Australia has confirmed that its Boeing F/A-18F Super Hornet acquisition will include the purchase of the Raytheon AIM-9X Sidewinder short-range air-to-air missile, and potentially also Raytheon's ATFLIR targeting pod.

"We are going to go with the US Navy-common AIM-9X," says Gp Capt Stan Roberton, head of Australia's Super Hornet programme office.

"We are very happy with [MBDA's] ASRAAM and the capability that is bringing to our legacy [F/A-18A/B] Hornets, but the driver is to stay USN-common with the weapons and keep this a very low risk but high-end capability."

Decisions on whether Australia's planned fleet of Lockheed Martin F-35 Joint Strike Fighters will be fitted for AIM-9X rather than ASRAAM are still to be made, with trade studies continuing. "We are still considering AIM-9X and ASRAAM," said Air Vice Marshal John Harvey, head of Australia's JSF acquisition programme office, speaking during last week's Australian International Air Show at Avalon, near Melbourne.

Noting that the Super Hornet will be acquired with the AIM-9X, Harvey said: "We also see some advantages in ASRAAM, potentially with longer range than AIM-9X, and are trying to work out how that would fit in the mix for JSF."

Roberton said no decision has been made on whether to integrate the Royal Australian Air Force's new Lockheed Martin AGM-158 JASSM cruise missiles with the Super Hornet fleet, which will enter service from early 2010 (Flight International, 13-19 March).

The move will be considered by early next year as part of a broader strike study for the Australian Defence Force, but Roberton said the Super Hornet/JASSM combination "is not unlikely".

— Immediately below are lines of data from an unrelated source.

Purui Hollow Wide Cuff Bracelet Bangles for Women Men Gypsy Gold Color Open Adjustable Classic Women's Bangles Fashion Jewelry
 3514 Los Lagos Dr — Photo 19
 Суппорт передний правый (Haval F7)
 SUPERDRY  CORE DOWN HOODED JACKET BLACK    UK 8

The RAAF has already conducted initial cost studies through the USN, he said, while Lockheed confirmed that it has discussed the integration effort with Australian defence authorities.

The need to maintain commonality with USN Super Hornets could also prompt the RAAF to equip its 24 aircraft with the ATFLIR targeting pod, despite having previously selected Northrop Grumman to supply its current F/A-18A/Bs with the Litening II system.